Les défenseurs des droits de l’Homme accusent la Russie de réprimer les identités non russes en Crimée occupée
Depuis le début de l’occupation de la Crimée, il y a dix ans, la Russie cherche à modifier la composition ethnique de la péninsule et à réduire au silence les communautés ukrainienne et tatare de Crimée, écrit Amnesty International dans une nouvelle publication, à l’occasion du dixième anniversaire de l’annexion illégale de cette péninsule ukrainienne par la Russie.
« La Russie a systématiquement cherché à éradiquer les identités ukrainienne et tatare de Crimée, en perturbant, restreignant ou interdisant l’utilisation des langues ukrainienne et tatare de Crimée dans l’éducation, les médias, les célébrations nationales et d’autres domaines de la vie, et en battant en brèche les pratiques religieuses et culturelles qui ne sont pas conformes à celles approuvées par Moscou. La Russie a également procédé à des transferts forcés de population hors de la Crimée et à des transferts de population civile russe vers celle-ci », a déclaré Patrick Thompson, spécialiste de l’Ukraine à Amnesty International.
La Russie a tenté de légitimer son occupation et l’annexion illégale de la Crimée en introduisant des politiques visant à réprimer les identités non russes à travers toute la péninsule.
Immédiatement après l’annexion, la Russie a imposé son propre programme scolaire en Crimée, ce qui s’est soldé par un endoctrinement et a donné lieu à des menaces de représailles à l’encontre des enseignant·e·s, des élèves et des parents qui s’y opposaient. Parallèlement, les autorités russes ont de manière systématique démantelé l’enseignement en ukrainien. Ces mesures s’ajoutent à l’imposition illégale de lois et de pratiques russes, notamment contre le droit à la liberté d’expression et de réunion pacifique, ainsi que contre des événements culturels et des pratiques religieuses.
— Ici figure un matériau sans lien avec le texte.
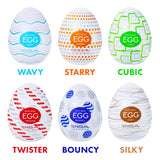 TENGA EGG SILKY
« Depuis des années, nous tirons la sonnette d’alarme sur la répression des droits humains par la Russie en Crimée. Dix ans plus tard, nous pouvons faire le point sur les conséquences pour la péninsule, alors que la Russie s’efforce de mettre à mal les identités non russes, notamment les cultures ukrainienne et tatare de Crimée. Il est alarmant de constater que cela semble être un projet de la Russie pour les autres territoires ukrainiens qu’elle a occupés. », a souligné Patrick Thompson.
La Russie a fortement restreint le droit à la liberté de religion et de croyance en Crimée, notamment en introduisant une législation selon laquelle prier, prêcher ou diffuser du matériel religieux en dehors de lieux spécifiquement désignés ou sans autorisation officielle est une infraction punissable. En 2023, des dizaines de procédures administratives ont été engagées contre des activités missionnaires « illégales », et dans plus de 50 cas, les personnes visées ont payé de lourdes amendes pour ces « violations », selon des informations relayées par Forum 18, un organisme de surveillance de la liberté de religion.
La population musulmane de Crimée, composée en majorité de Tatar·e·s de Crimée, a fait l’objet de représailles sévères. Des organes russes de l’application des lois ont, à plusieurs reprises, interrompu les prières du vendredi dans des mosquées de Crimée, en contrôlant les passeports de toutes les personnes présentes. Visant principalement les Tatar·e·s de Crimée, les autorités russes ont également procédé à des perquisitions à domicile à la recherche de littérature religieuse. Plus de 100 musulman·e·s de Crimée ont été poursuivis sur la base d’accusations infondées de terrorisme, et condamnés à des peines allant jusqu’à 24 ans d’emprisonnement, qu’ils purgent actuellement en Russie.
En avril 2017, la Cour suprême russe a qualifié les témoins de Jéhovah d’« extrémistes » et a interdit cette religion en Russie et en Crimée occupée par la Russie. Les 22 congrégations de témoins de Jéhovah de Crimée ont alors été radiées, ce qui a concerné environ 8 000 fidèles. Au moins 12 témoins de Jéhovah de Crimée ont été condamnés à six ans de prison ou plus pour avoir exercé pacifiquement leur droit à la liberté de religion ou de conviction.
L’Église orthodoxe ukrainienne du patriarcat de Kyiv (devenue Église orthodoxe d’Ukraine après 2018) a refusé de se réenregistrer en tant qu’organisation religieuse au titre du droit russe. Plusieurs membres de son clergé ont refusé de prendre le passeport russe et ont été contraints de quitter la Crimée.
Dès la première année de l’occupation, l’Église orthodoxe d’Ukraine a perdu 38 de ses 46 paroisses, et il n’en reste aujourd’hui plus aucune. En mai 2023, les autorités de facto l’ont illégalement expulsée de sa cathédrale située dans la capitale régionale de Simferopol.